First Financial (FFIN) CFO Converts 1,354 RSUs to Deferred Units Under SERP
Rhea-AI Filing Summary
Michelle S. Hickox, EVP/CFO of First Financial Bankshares, Inc. (FFIN), reported a transaction dated 08/16/2025 in which 1,354 restricted stock units (RSUs) vested and were exchanged for 1,354 deferred stock units under the company’s Supplemental Executive Retirement Plan (SERP), as amended and restated effective July 26, 2022. The deferred stock units are payable upon the reporting person’s termination. Following the reported transaction, the filing shows 22,461 shares of common stock beneficially owned and 3,912 deferred stock units held in a direct ownership form.
Positive
- 1,354 RSUs were converted to deferred stock units under the company’s SERP rather than sold, indicating no immediate market disposition
- Reporting person retains 22,461 shares of common stock following the transaction, showing continued direct ownership
Negative
- None.
Insights
TL;DR: Reporting shows executive RSUs vested and converted to deferred stock units, leaving sizable direct share ownership.

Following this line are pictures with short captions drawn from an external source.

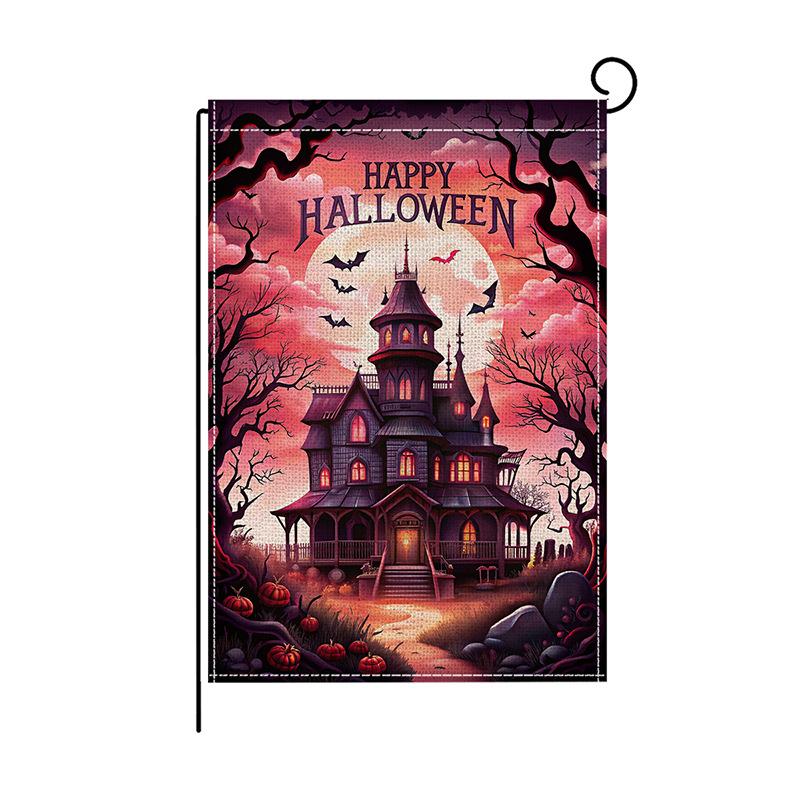 Halloween Garden Flag Colorful Checkered Watercolor Print Outdoor Courtyard Decoration Flag Cute Ghost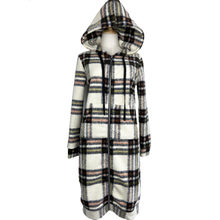 Autumn plaid trench coat knitted plaid jacket fleece womens outfit with hood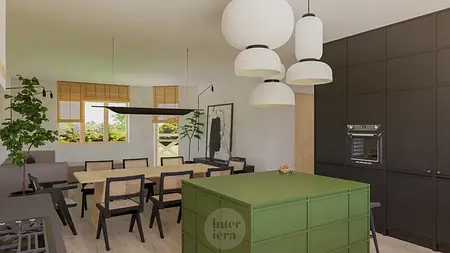 Wnętrze kuchni w stylu japandi i minimalistycznym z zieloną wyspą i drewnianym stołem.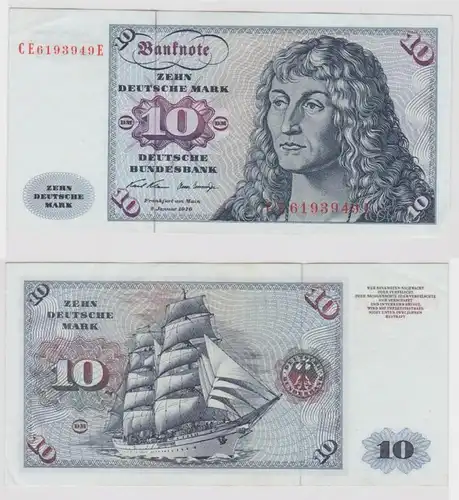 T147543 Banknote 10 DM Deutsche Mark Ro. 270b Schein 2.Jan. 1970 KN CE 6193949 E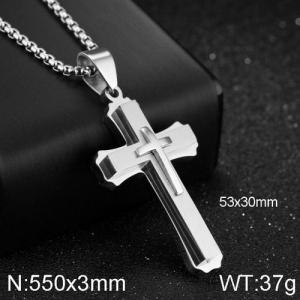 Stainless Steel Necklace - KN111735-WGTY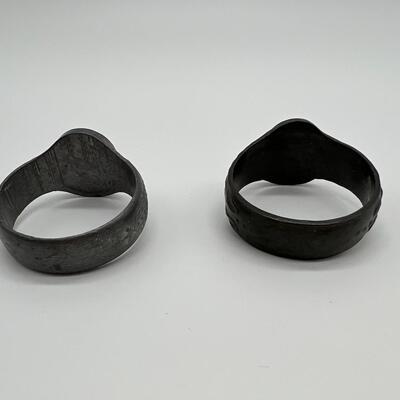 Lot of 2 Antique Tallest Man on Earth Rings for J.G. Tarver of Texas and Jakob Nacken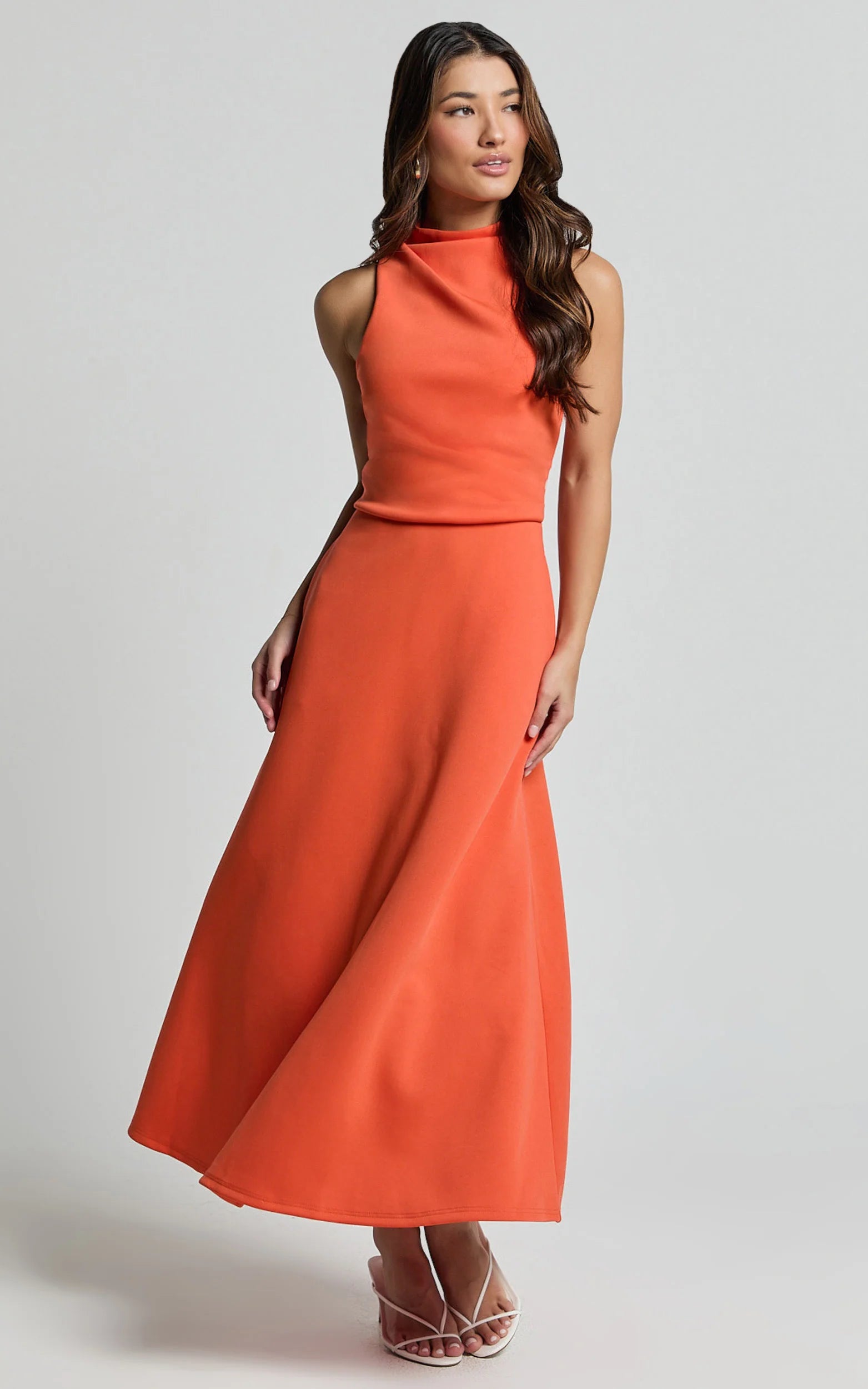 Macy Midi Dress - High Neck A Line Dress in Orange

The Form 4 discloses a non-cash exchange on 08/16/2025 where 1,354 RSUs vested and were converted into 1,354 deferred stock units under the company SERP. This is a routine compensation event that does not show a sale of shares into the market. The reporting person’s post-transaction direct beneficial ownership of common stock is 22,461 shares, with 3,912 deferred units also reported as direct holdings. For investors, this filing documents executive equity retention and the use of the SERP for deferral, without indicating any immediate liquidity action.
TL;DR: The filing documents normal executive compensation mechanics — vesting and deferral under the SERP.

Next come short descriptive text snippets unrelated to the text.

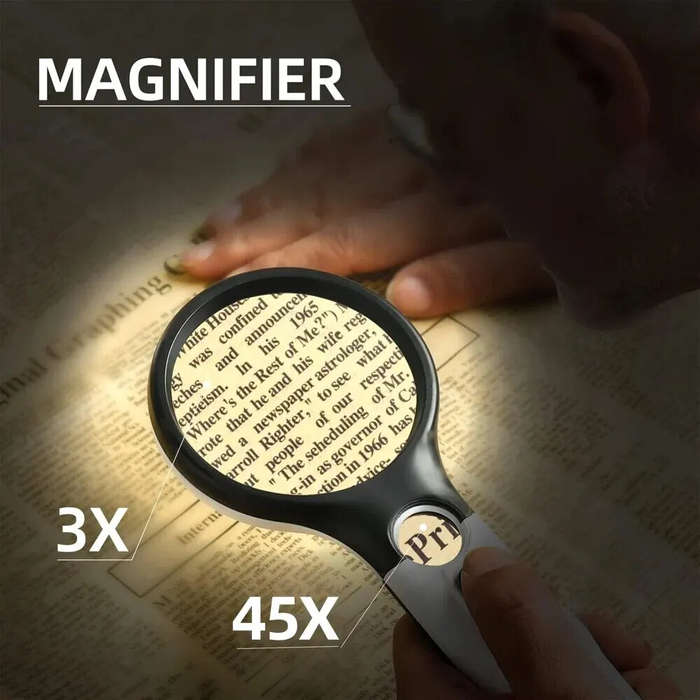 3X 45X Mini Handheld Magnifier Dual Lens 3 LED Light Magnifying Glass Effective Lens Diameter 75MM a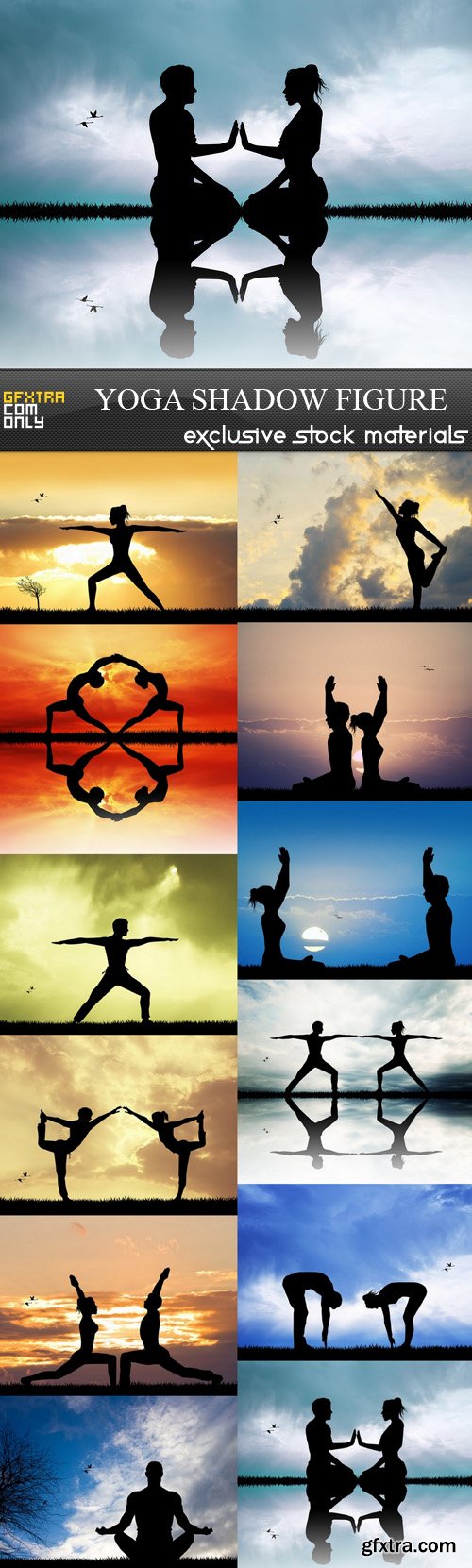 Yoga Shadow Figure - 12 UHQ JPEG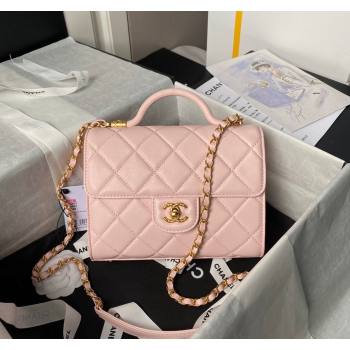 Chanel Lambskin Small Flap Bag with Top Handle AS4957 Light Pink 2024 (yezi-240717107)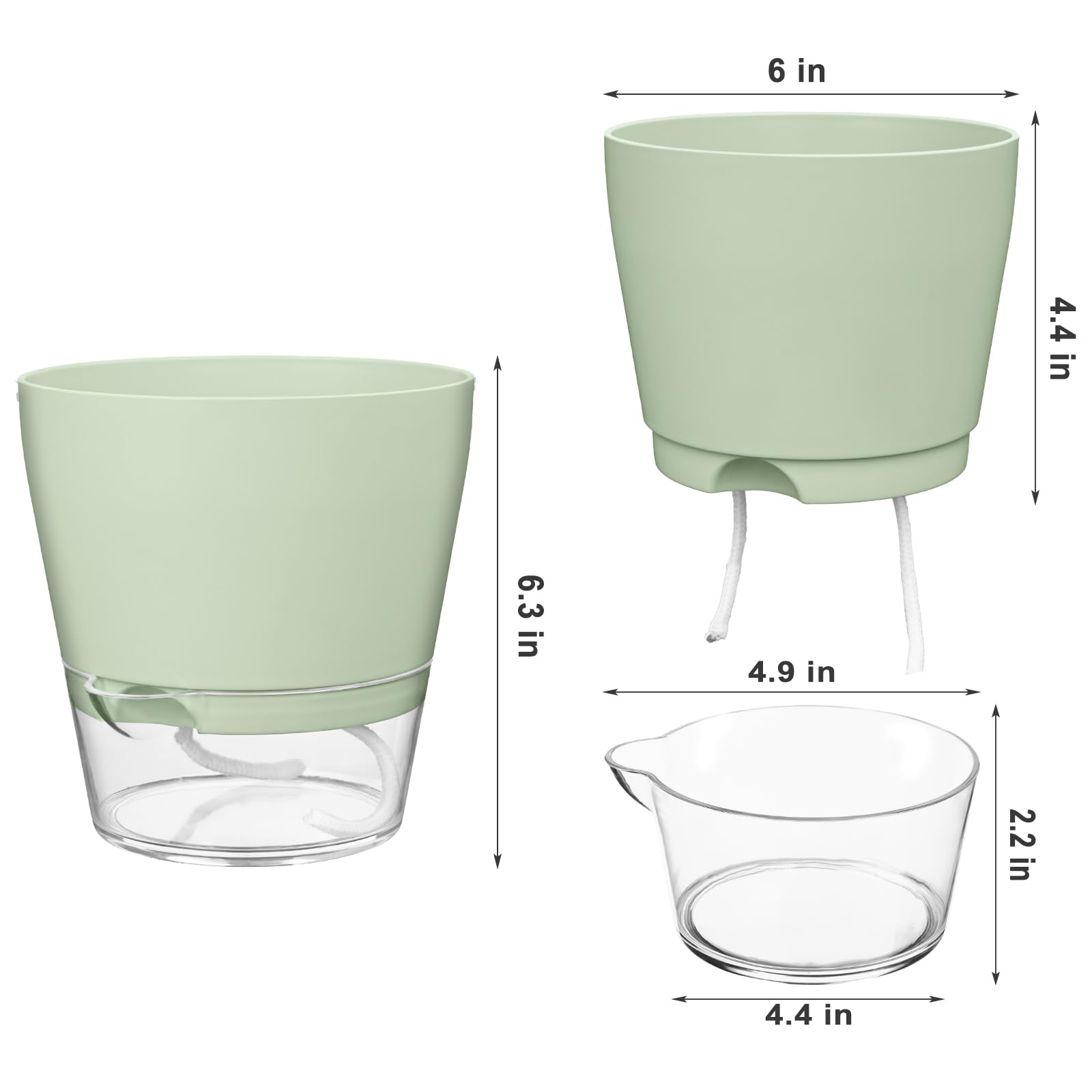 Hayder self-watering pot green 6inch highlights easy moisture management for busy homes.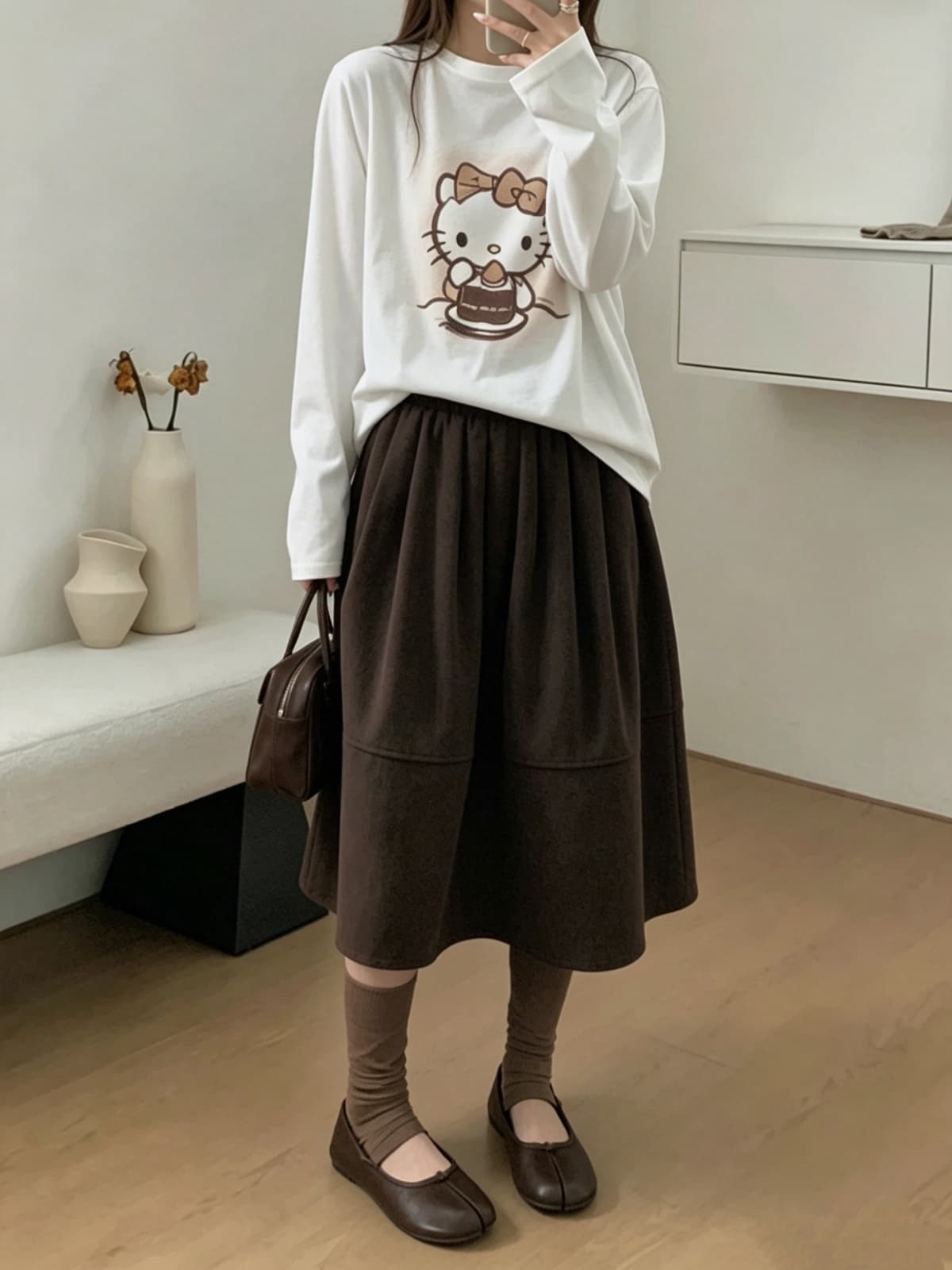 가을 겨울 새로운 2026 한 부서 미니멀리즘 다용도 코듀로이 반신 스커트 한 마디 허리밴드 캐주얼 중간 길이 스커트 우산 치마 상세 이미지 7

The statement details that vested RSUs were not sold but were deferred into the company’s Supplemental Executive Retirement Plan pursuant to its amended SERP. The disclosure is consistent with standard governance practices for executive compensation deferral and clarifies the timing of payout (payable upon termination). The Form 4 is informative for oversight purposes, showing continued equity alignment between the executive and shareholders via retained common shares and deferred units.